Int J Cardiovasc Imaging. 2017 Oct;33(10):1619-1626

Authors: Suntharos P, Setser RM, Bradley-Skelton S, Prieto LR

To validate the feasibility and spatial accuracy of pre-procedural 3D images to 3D rotational fluoroscopy registration to guide interventional procedures in patients with congenital heart disease and acquired pulmonary vein stenosis. Cardiac interventions in patients with congenital and structural heart disease require complex catheter manipulation. Current technology allows registration of the anatomy obtained from 3D CT and/or MRI to be overlaid onto fluoroscopy. Thirty patients scheduled for interventional procedures from 12/2012 to 8/2015 were prospectively recruited. A C-arm CT using a biplane C-arm system (Artis zee, VC14H, Siemens Healthcare) was acquired to enable 3D3D registration with pre-procedural images. Following successful image fusion, the anatomic landmarks marked in pre-procedural images were overlaid on live fluoroscopy. The accuracy of image registration was determined by measuring the distance between overlay markers and a reference point in the image. The clinical utility of the registration was evaluated as either "High", "Medium" or "None". Seventeen patients with congenital heart disease and 13 with acquired pulmonary vein stenosis were enrolled. Accuracy and benefit of registration were not evaluated in two patients due to suboptimal images.

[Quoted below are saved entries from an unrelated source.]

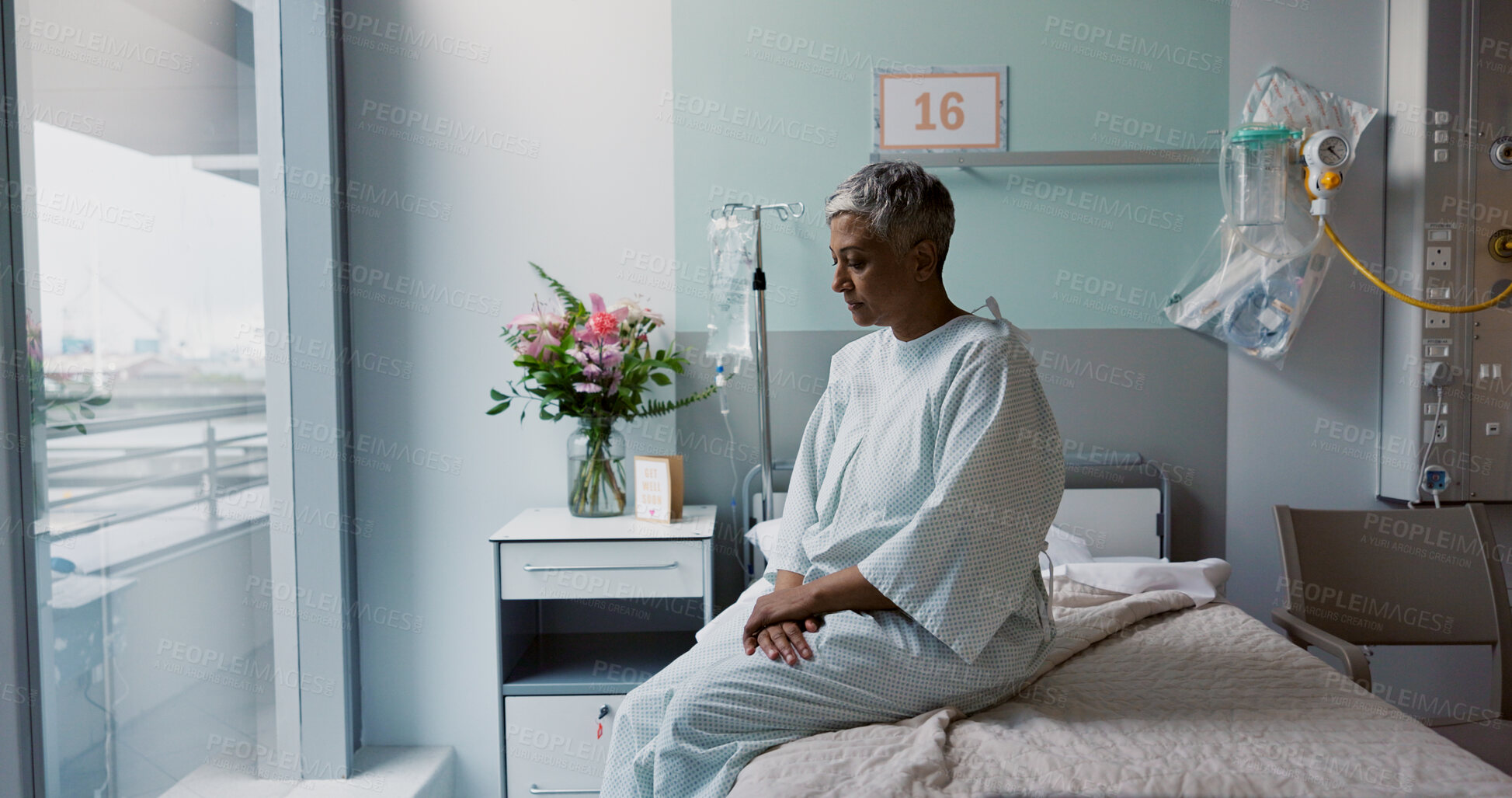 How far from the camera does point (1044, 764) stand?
4.11 ft

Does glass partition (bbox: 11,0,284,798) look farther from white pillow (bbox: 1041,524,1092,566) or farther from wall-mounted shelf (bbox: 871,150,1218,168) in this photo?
white pillow (bbox: 1041,524,1092,566)

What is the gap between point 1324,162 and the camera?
2.56 m

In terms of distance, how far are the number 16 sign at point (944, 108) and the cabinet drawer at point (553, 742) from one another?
173 cm

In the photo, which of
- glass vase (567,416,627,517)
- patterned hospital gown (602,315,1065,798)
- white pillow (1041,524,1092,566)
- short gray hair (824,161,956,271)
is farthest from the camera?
glass vase (567,416,627,517)

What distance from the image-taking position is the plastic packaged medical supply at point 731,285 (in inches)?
106

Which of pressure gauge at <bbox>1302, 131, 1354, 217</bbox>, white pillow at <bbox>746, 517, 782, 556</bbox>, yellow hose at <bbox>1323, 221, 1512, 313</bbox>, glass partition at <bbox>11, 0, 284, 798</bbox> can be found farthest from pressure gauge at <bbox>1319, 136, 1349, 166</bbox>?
glass partition at <bbox>11, 0, 284, 798</bbox>

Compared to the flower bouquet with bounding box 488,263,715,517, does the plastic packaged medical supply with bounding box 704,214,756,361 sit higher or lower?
higher

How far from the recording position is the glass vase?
102 inches

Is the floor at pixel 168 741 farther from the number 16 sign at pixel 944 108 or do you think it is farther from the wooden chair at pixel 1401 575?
the wooden chair at pixel 1401 575

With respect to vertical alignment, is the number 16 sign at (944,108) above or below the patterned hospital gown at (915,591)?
above

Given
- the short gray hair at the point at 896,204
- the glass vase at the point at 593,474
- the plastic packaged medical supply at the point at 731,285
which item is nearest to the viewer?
the short gray hair at the point at 896,204

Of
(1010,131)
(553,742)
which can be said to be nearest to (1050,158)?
(1010,131)

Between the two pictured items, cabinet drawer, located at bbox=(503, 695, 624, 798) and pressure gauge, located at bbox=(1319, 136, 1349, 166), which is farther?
pressure gauge, located at bbox=(1319, 136, 1349, 166)

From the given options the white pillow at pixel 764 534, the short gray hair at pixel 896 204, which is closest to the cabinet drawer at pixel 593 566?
the white pillow at pixel 764 534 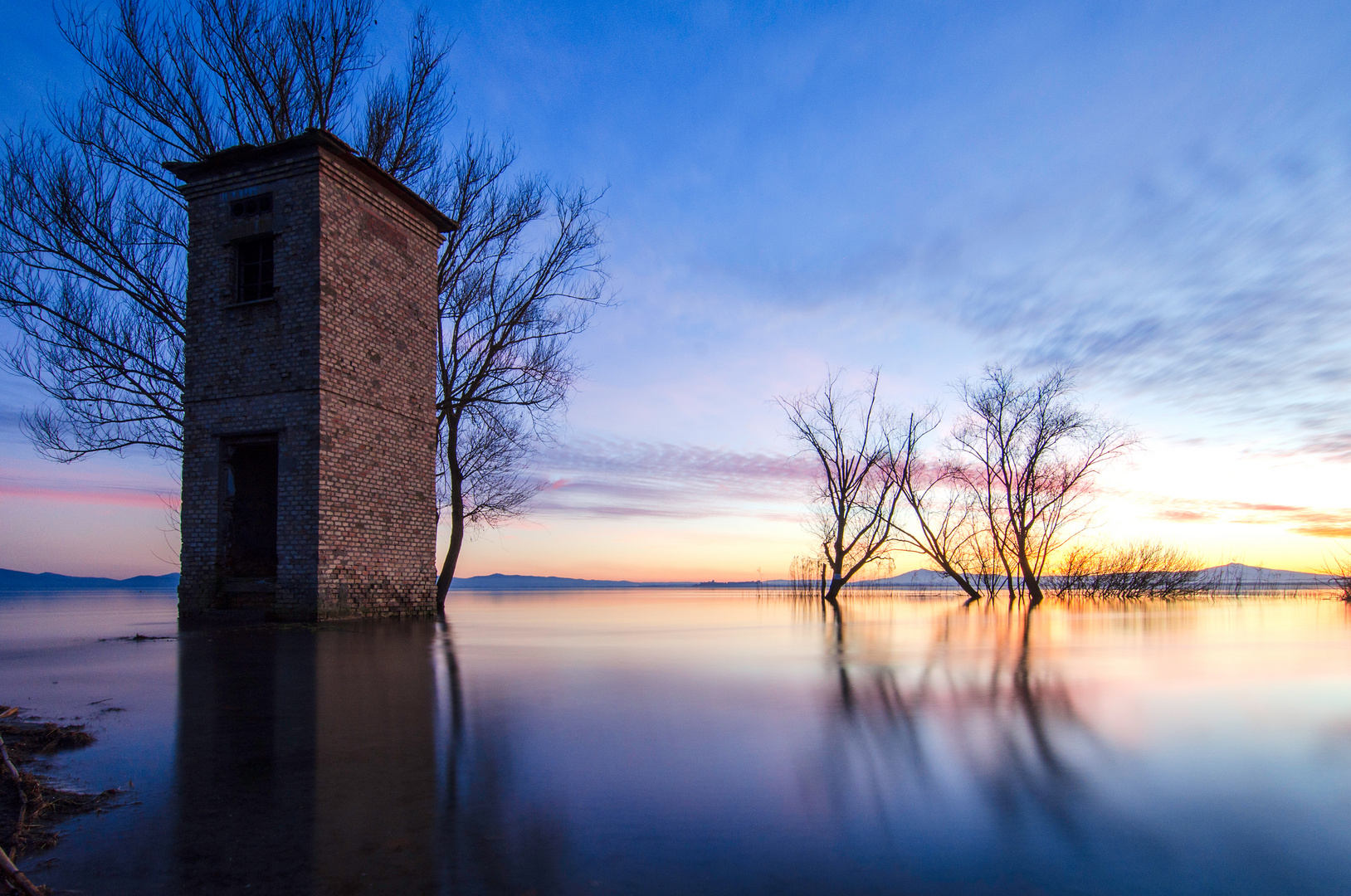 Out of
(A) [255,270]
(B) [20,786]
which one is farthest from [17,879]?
(A) [255,270]

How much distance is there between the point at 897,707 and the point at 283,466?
36.5 feet

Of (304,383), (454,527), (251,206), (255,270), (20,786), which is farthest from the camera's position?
(454,527)

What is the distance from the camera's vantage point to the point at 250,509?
1401 cm

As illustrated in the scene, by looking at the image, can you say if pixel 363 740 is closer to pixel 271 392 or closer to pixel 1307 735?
pixel 1307 735

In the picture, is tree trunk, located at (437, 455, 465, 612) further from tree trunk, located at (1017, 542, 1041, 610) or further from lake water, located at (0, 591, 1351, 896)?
tree trunk, located at (1017, 542, 1041, 610)

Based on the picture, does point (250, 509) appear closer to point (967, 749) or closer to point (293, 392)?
point (293, 392)

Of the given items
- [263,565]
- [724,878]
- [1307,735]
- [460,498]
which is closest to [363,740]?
[724,878]

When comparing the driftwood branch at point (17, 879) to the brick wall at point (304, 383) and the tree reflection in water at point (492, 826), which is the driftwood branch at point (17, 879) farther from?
the brick wall at point (304, 383)

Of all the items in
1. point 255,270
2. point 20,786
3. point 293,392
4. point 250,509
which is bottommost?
point 20,786

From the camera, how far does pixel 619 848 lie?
93.9 inches

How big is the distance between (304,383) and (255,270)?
2942 millimetres

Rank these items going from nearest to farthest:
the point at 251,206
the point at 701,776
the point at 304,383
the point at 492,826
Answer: the point at 492,826 < the point at 701,776 < the point at 304,383 < the point at 251,206

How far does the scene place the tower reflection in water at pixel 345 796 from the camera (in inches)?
86.1

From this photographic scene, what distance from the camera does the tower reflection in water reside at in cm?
Answer: 219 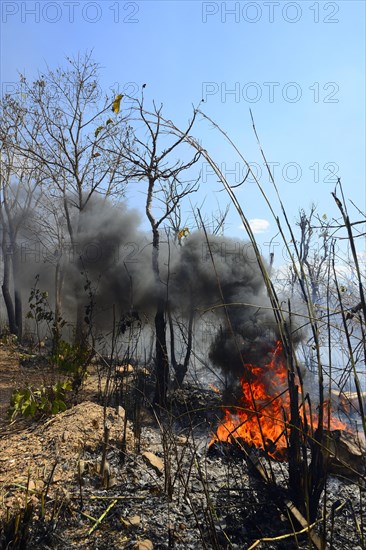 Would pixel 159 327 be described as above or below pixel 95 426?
above

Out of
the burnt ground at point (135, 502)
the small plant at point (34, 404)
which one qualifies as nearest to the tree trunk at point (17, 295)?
the small plant at point (34, 404)

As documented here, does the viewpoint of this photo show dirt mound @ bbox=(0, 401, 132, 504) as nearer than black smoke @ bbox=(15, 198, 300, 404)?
Yes

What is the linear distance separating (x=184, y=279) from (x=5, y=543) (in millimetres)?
9654

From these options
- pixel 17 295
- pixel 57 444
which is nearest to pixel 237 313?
pixel 57 444

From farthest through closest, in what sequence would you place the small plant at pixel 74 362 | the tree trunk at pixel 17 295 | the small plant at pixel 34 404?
the tree trunk at pixel 17 295, the small plant at pixel 74 362, the small plant at pixel 34 404

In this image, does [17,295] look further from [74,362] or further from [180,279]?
[74,362]

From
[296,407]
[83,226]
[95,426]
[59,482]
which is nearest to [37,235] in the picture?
[83,226]

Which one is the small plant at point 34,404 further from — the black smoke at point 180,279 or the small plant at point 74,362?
the black smoke at point 180,279

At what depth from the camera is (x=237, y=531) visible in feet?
11.5

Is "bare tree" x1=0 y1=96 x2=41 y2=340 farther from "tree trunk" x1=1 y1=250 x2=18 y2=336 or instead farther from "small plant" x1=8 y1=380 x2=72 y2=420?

The distance between the marker and the actual anatomical location was 0-2 mm in 18 (64%), 2-4 mm in 3 (11%) and >4 mm in 7 (25%) patients. 3D3D registration was highly beneficial in 18 (64%), intermediate in 3 (11%), and not beneficial in 7 (25%) patients. 3D3D registration can facilitate complex congenital and structural interventions. It may reduce procedure time, radiation and contrast dose.